DKVS: Distributed Key-Value Store --- Monitoring

Introduction

The aim of this week's work is to develop a tool for dumping the current state of the ring: dkvs-dump-ring (to be created). The purpose of this tool is to ask each of the nodes specified in the servers.txt file, in their SHA-order, to send their list of key-value pairs.

This command takes no input parameters (reads nothing from standard input) and first lists all nodes using node_list_print() (see full example at the end of this handout). Then, for each node, it prints the number of key-value pairs it stores (prints nothing if the node does not respond):

storing <N> key-value pairs:

and then it's (unsorted) list of key-value pairs:

key1 --> value1
key2 --> value2

I. dkvs-dump-ring

I.1 The big picture

The purpose of the dkvs-dump-ring tool (to be created with dkvs-dump-ring.c) is to display the entire key-value content of the ring.

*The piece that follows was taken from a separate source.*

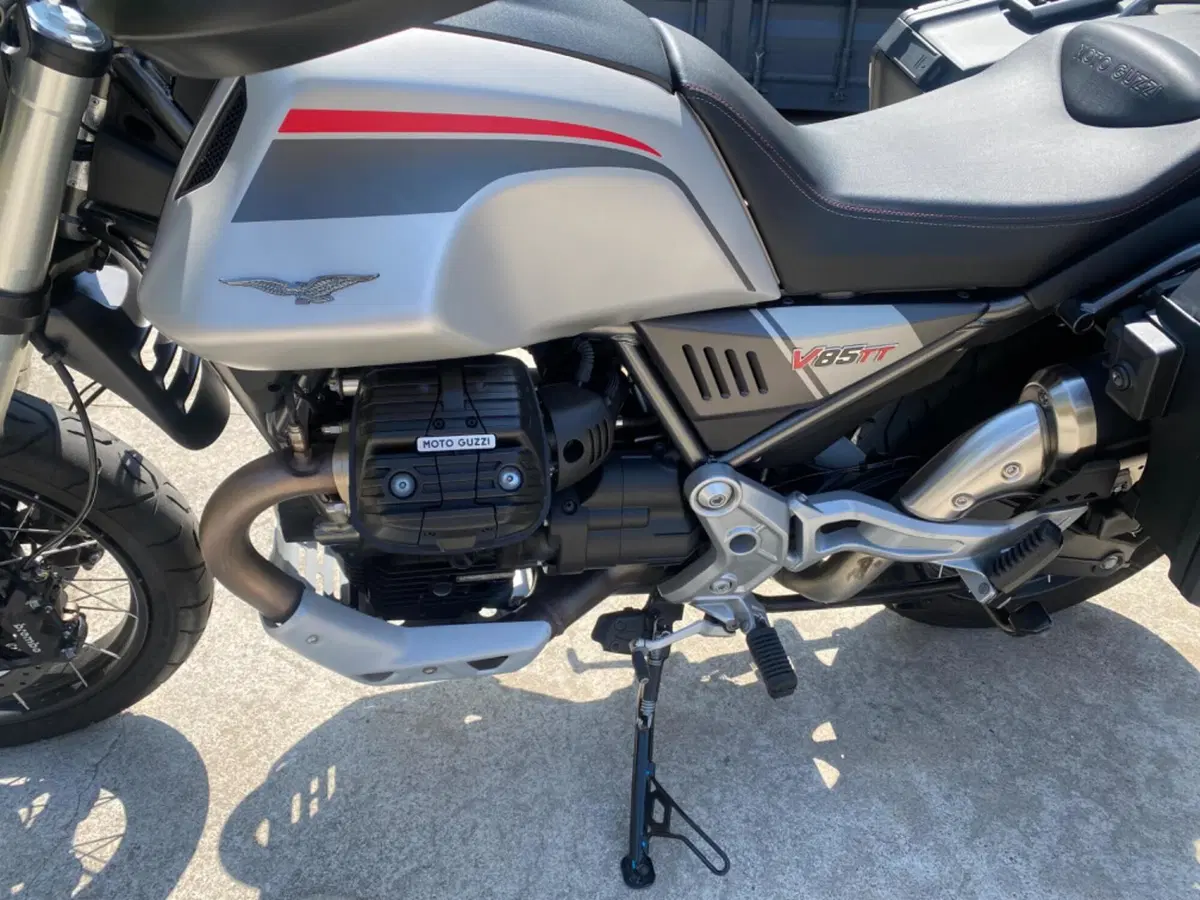 Moto Guzzi V85 TT (2021 - 23) (9)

To ask a node to list its contents, we send it the special message "get empty key", i.e. we simply udp_send() it a 0 byte message.

In response, the server will send one or more compound messages describing its contents. More details about server reply in the next section, but this means that in dkvs-dump-ring, contrary to network_get() of network.c, we have to deal with possibly several reply messages from the same server (this is actually the whole story of this week work).

Concretely, here is what dkvs-dump-ring should do:

  1. create and initialize a ring_ t, to be able to represent the ring;

  2. Print "Ring nodes:" and list all the nodes of the ring;

  3. get a communication socket;

  4. loop on all ring nodes to:

    • send the empty (0 size) message;
    • print an error message in case of unsuccessful sending;
    • print the server address (using the provided print_server() function);
    • print all the received message (detailed below).

Of course, all intermediate error must be properly handled, and all memory/used resources must be properly released.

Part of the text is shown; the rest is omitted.